Take the S(ys)LOG out of logging !

Regularly I have a requirement to provide adhoc monitoring of a device or application and the tool of choice is normally Syslog. Indeed some hardware providers and other produce their own tailored syslog tools to give a more useful interpretation of the information output by their product. A case in point is Draytek – with a syslog daemon for the Vigor range of adsl , cable and sdsl routers. It breaks the syslog messages down and displays them in categories which are of use in analysing performance or functional problems.

However what I’m writing about today is the use of a syslog daemon for generic syslogging and integrating information from more than one source with a final destination of an odbc database.

Some background on syslog though first. If you are interested in in-depth details about Syslog, I would strongly suggest you to go through RFC: 3164.

Syslog is a protocol that allows a machine to send event notification messages across IP networks to event message collectors – also known as Syslog Servers (services) or Syslog Daemons. In other words, a machine or a device can be configured in such a way that it generates a Syslog Message and forwards it to a specific Syslog Daemon (Server).

Syslog messages are based on the User Datagram Protocol (UDP) type of Internet Protocol (IP) communications. Syslog messages are received on UDP port 514. Syslog message text is generally no more than 1024 bytes in length. Since the UDP type of communication is connectionless, the sending or receiving host has no knowledge receipt for retransmission. If a UDP packet gets lost due to congestion on the network or due to resource unavailability, it will simply get lost – nobody would know – you have been warned !
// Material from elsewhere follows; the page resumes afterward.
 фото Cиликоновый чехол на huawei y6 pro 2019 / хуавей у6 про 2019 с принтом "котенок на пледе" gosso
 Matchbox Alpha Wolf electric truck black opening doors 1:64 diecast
What is Syslog Daemon or Service ?
A Syslog Daemon or Server is an entity (program) that would listen to the Syslog messages that are sent to it. You cannot configure a Syslog Daemon to ask a specific device to send it Syslog Messages. If a specific device has no ability to generate Syslog Messages, then a Syslog Daemon cannot do anything about it.

So what do I do to get syslog working ?

First select a syslog server or daemon for the platform you will run monitoring on and select some hardware or software that can generate syslog compliant messages. In this case I’m going to talk about a specific syslog server – Kiwi Syslog (www.kiwisyslog.com) where you will find a free version as well as a paid for version. The application that I’m going to use is INM from www.intellipool.com which I use to monitor a range of environmental and server based metrics such as disk space. The first thing to do is install the Kiwi Syslog server and start the service. You can use the inbuilt test tool to ensure that the server is receiving the syslog messages before you activate an application to send messages.

Once you have been able to send the test message – activating INM to send syslog messages is simply a matter of activating the option under program settings , give it the IP address of the syslog server and the port number if changed from the default 514 and then waiting for status messages to appear in syslog.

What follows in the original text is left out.